**TASK INPUTS**
-- Opening Marker --

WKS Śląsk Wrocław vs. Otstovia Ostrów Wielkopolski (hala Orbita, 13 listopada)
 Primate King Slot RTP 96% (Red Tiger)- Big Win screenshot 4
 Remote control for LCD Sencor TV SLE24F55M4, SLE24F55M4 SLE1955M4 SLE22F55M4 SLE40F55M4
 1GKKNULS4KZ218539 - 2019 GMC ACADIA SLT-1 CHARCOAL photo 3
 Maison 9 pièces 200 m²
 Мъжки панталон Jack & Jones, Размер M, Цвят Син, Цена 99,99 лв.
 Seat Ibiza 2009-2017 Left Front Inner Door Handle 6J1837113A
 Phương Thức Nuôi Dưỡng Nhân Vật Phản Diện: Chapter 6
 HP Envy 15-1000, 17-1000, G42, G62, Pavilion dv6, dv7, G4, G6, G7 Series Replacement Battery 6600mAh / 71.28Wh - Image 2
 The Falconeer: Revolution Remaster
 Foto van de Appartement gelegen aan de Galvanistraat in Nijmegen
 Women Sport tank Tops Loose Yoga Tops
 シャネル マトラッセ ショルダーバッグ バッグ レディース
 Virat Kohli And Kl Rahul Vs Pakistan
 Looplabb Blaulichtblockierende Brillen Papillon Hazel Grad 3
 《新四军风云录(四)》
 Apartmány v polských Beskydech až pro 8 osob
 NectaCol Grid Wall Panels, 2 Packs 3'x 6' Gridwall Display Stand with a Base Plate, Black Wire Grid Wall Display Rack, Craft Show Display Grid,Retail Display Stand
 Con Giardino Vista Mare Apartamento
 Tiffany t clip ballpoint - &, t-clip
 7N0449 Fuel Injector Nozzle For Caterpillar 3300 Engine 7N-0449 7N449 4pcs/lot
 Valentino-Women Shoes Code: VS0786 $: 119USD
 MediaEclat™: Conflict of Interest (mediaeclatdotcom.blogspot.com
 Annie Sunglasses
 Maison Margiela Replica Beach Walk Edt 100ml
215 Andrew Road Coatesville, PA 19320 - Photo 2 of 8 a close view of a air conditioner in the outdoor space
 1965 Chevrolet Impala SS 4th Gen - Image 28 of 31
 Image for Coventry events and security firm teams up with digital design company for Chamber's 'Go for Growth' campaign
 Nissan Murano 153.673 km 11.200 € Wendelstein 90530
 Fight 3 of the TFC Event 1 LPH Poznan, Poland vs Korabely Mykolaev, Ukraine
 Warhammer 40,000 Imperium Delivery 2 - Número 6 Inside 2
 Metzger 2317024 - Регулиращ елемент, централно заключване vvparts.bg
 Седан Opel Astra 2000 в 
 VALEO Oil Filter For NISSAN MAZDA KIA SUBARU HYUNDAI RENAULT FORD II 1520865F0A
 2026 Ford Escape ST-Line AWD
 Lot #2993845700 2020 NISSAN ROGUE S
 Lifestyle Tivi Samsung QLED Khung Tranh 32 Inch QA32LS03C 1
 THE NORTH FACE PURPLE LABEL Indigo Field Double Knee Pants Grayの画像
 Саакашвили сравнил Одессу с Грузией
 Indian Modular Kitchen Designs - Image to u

-- Closing Marker --

**TASK OBJECTIVE**
Among the records above, repeat exactly the line with "シャネル マトラッセ ショルダーバッグ バッグ レディース", the line with "Fight 3 of the", and every line in between, and only those.

**RESULT OF THE TASK**
 シャネル マトラッセ ショルダーバッグ バッグ レディース
 Virat Kohli And Kl Rahul Vs Pakistan
 Looplabb Blaulichtblockierende Brillen Papillon Hazel Grad 3
 《新四军风云录(四)》
 Apartmány v polských Beskydech až pro 8 osob
 NectaCol Grid Wall Panels, 2 Packs 3'x 6' Gridwall Display Stand with a Base Plate, Black Wire Grid Wall Display Rack, Craft Show Display Grid,Retail Display Stand
 Con Giardino Vista Mare Apartamento
 Tiffany t clip ballpoint - &, t-clip
 7N0449 Fuel Injector Nozzle For Caterpillar 3300 Engine 7N-0449 7N449 4pcs/lot
 Valentino-Women Shoes Code: VS0786 $: 119USD
 MediaEclat™: Conflict of Interest (mediaeclatdotcom.blogspot.com
 Annie Sunglasses
 Maison Margiela Replica Beach Walk Edt 100ml
215 Andrew Road Coatesville, PA 19320 - Photo 2 of 8 a close view of a air conditioner in the outdoor space
 1965 Chevrolet Impala SS 4th Gen - Image 28 of 31
 Image for Coventry events and security firm teams up with digital design company for Chamber's 'Go for Growth' campaign
 Nissan Murano 153.673 km 11.200 € Wendelstein 90530
 Fight 3 of the TFC Event 1 LPH Poznan, Poland vs Korabely Mykolaev, Ukraine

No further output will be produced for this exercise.